Mr.Cormack whistles and waves us over, as he always does just before the end of class. Grace smiles and I follow her to join the others. Olive looks skeptically at us, but at least she no longer seems to feel the need to throw accusations at my head.
Henry stands up as we finish and the others vanish into the changing rooms. He shoves his hands into his trouser pockets as I approach.
“Hi,” I murmur, bending down to retrieve my water bottle.
“I wanted to apologize,” he says, so abruptly that I pause in midmovement. “I think I acted like a dick to you yesterday.”
I straighten up again. “You were drunk.”
So he remembers. I can see it in his eyes. “I’m sorry,” he repeats. “I didn’t mean any of what I said.”
“I know, Henry.”
“And I’m sorry for being like this,” he bursts out. “I wish itwas different, but I can’t help it.
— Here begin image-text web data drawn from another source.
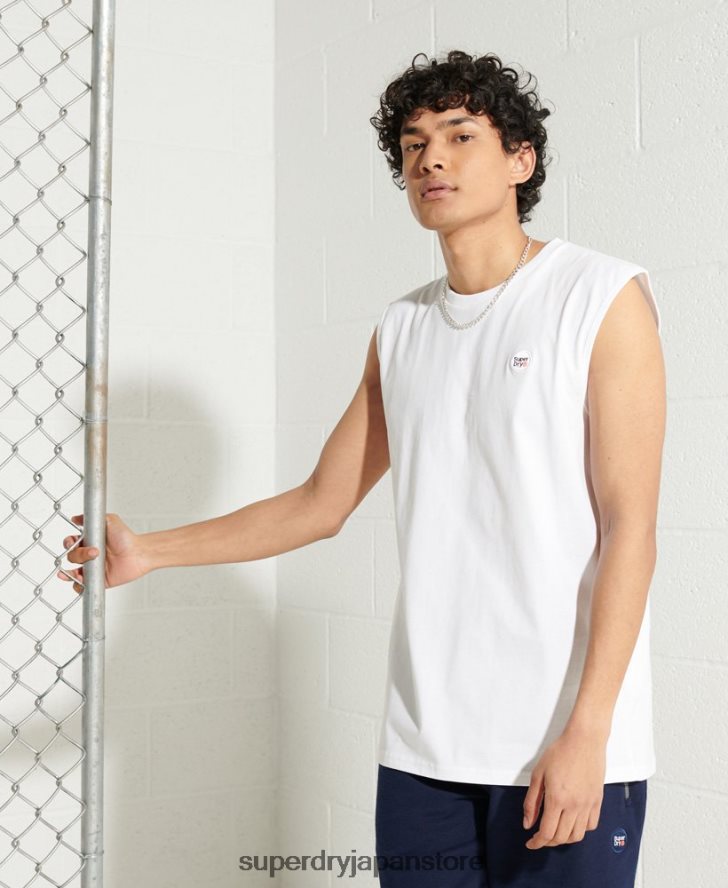 オーガニックコットン集団オーバーサイズベスト 男性 Superdry 衣類 白 2J62PZ6497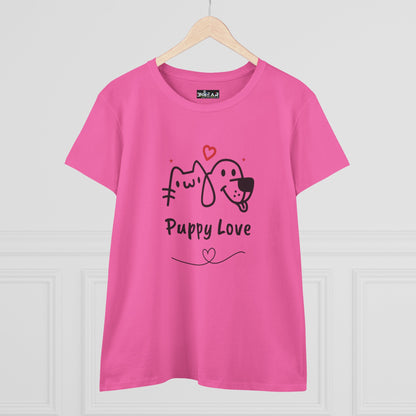 Pink cute dog shirt for women with Puppy Love graphic featuring dog and cat illustration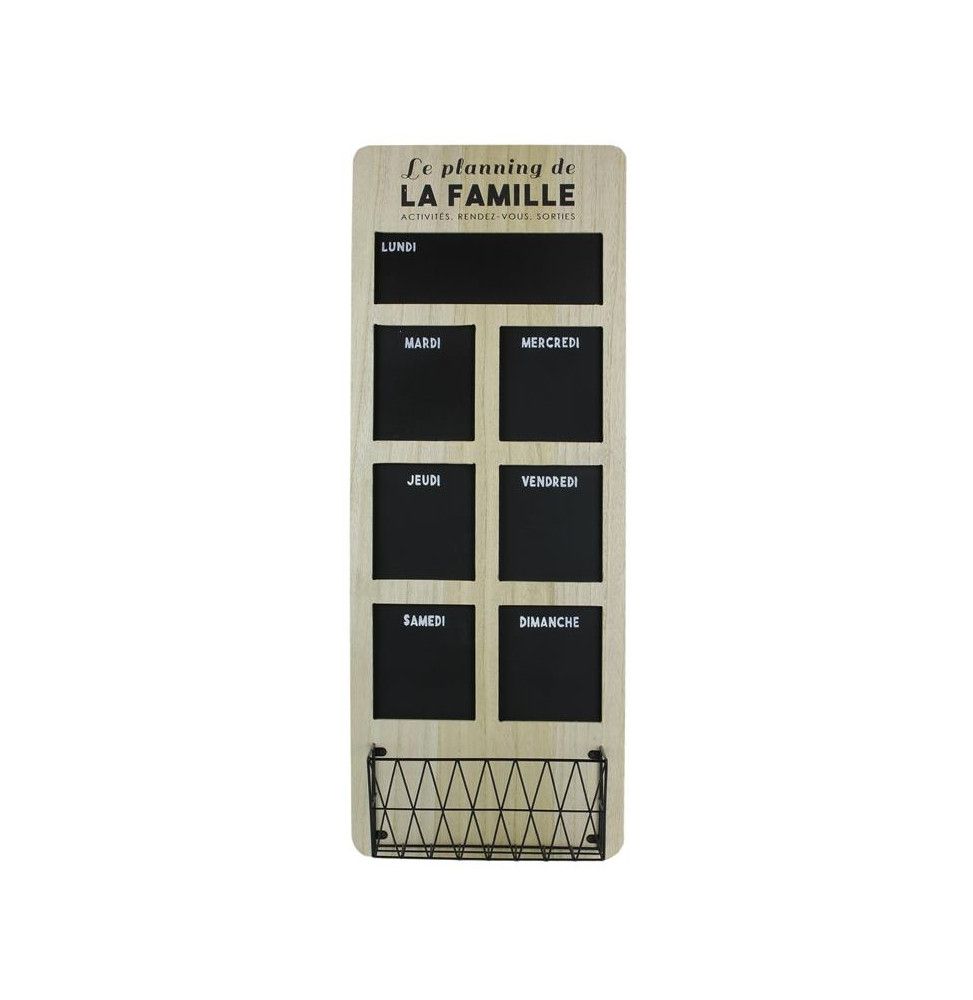 Organisateur ardoise semainier avec cage de rangement - L 30 x l 8,5 x H 80 cm - Beige et Noir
I don’t know, I’m furious and powerless and... I didn’t mean to take it out on you.”
“Henry.” He falls silent as I reach for his hand. “It’s fine. These are exceptional circumstances.”
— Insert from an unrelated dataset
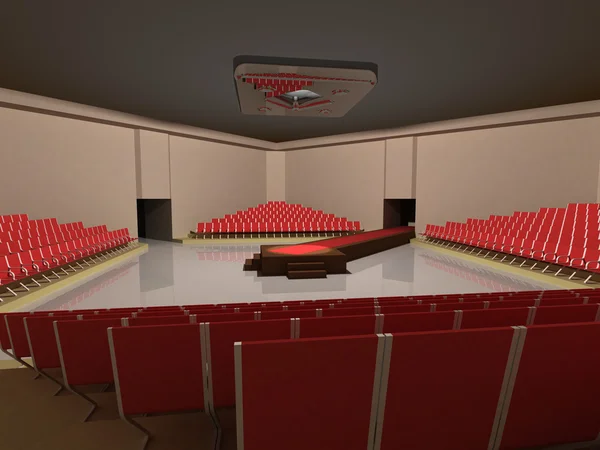 Hall med röda stolar — Stockfoto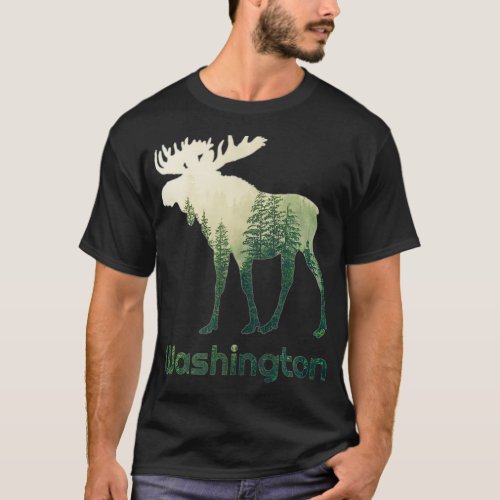 State Of Washington Moose Forest Tree Hunter Wildl T_Shirt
Eventually, he shrugs his shoulders. “I didn’t want you to get into trouble for my sake either.”
“It was my own decision to go up onto that roof.”
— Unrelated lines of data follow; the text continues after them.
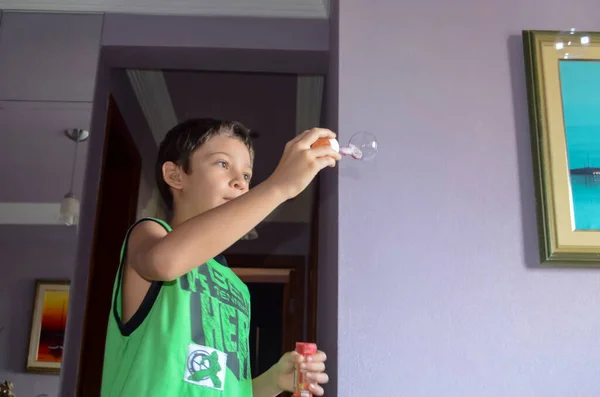 Portrait Child Blowing Soap Bubbles Salvador Bahia Brazil — Photo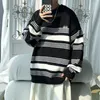 Men's Sweaters Men's Color Block Striped Sweaters Korean Fashion Male Pullover Knitted Sweater Vintage Y2K Clothes Hip Hop Knitwear M-2XL 230814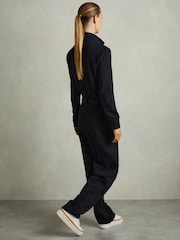 Reiss Navy Nina Belted Loopback-Jersey Jumpsuit - Image 5 of 6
“But you wouldn’t have done it if I hadn’t been there.”
I study him. “Just promise me you won’t do it again in the future.”
Henry’s jaw muscles tense but then he nods.
“Do you want to go for a run?” I ask, and not all that long ago, I’d have bet my life he’d say no. But I think he gets how it works now, that running can help when nothing else does any good.
“Yes, I... I think so.”
Henry
There’s a smell of rain as we set off after our last lesson that afternoon. The sky is gray and heavy with clouds, but that couldn’t interest me less.
Emma and I don’t speak. She lets me set our route and our pace, so I just run at random. Past the sports grounds and greenhouses, down the path that winds along the edge of the woods for a while, then I turn off among the trees. It’s tiring, my legs are heavy, I still have a headache, but I can’t stop. I have to run until I hit the state where everything gets a little more bearable.I don’t know what I’ll do if it doesn’t work. This is the final straw I’m clinging to, and I’m praying it won’t snap.
There’s so much I ought to talk to Emma about. About last night, about my jumbled thoughts and the paralyzing fear that she won’t go along with it forever. That this thing between us is too new and fresh to stand up to me. That I’m afraid of it. That I can’t lose her too. But I say nothing.
The sweat stings my eyes and mingles with the first raindrops as they land on us. Emma doesn’t ask if we should turn back. My lungs are burning. Past-Henry would want to stop now. But I can’t, any more than I can go back to the time when I never had any real problems. To the way I blubbed after I split up with Grace and thought that that was real, horrible pain. It was horrible, yes, but it was fun and games compared to what I’ve been feeling lately.
I stumble over a root and bite back a curse. It makes me angry. Everything’s making me angry, and I hate it. I hate Maeve being dead and that you can’t yell at people who’re dead because you’re pissed off with them for not being around anymore. I want to go back in time and cancel Maeve’s flight. I want to drag her singlehandedly off that plane and chain her up somewhere so she can’t go anywhere she might die. I want to scream at her, ask her why she wanted to be the savior of the world but forgot to look after herself. Why she’s doing this to me. Huh, Maeve?
My heart’s pumping.
Why. Weren’t. You. More. Careful?
Just a little.
I want it to stop. I don’t want to feel like this. The constant cycling between this endless emptiness and the hot seethingin my chest. I want my old life back. I want it so badly, but I’m gradually starting to fear that I’m never going to get it.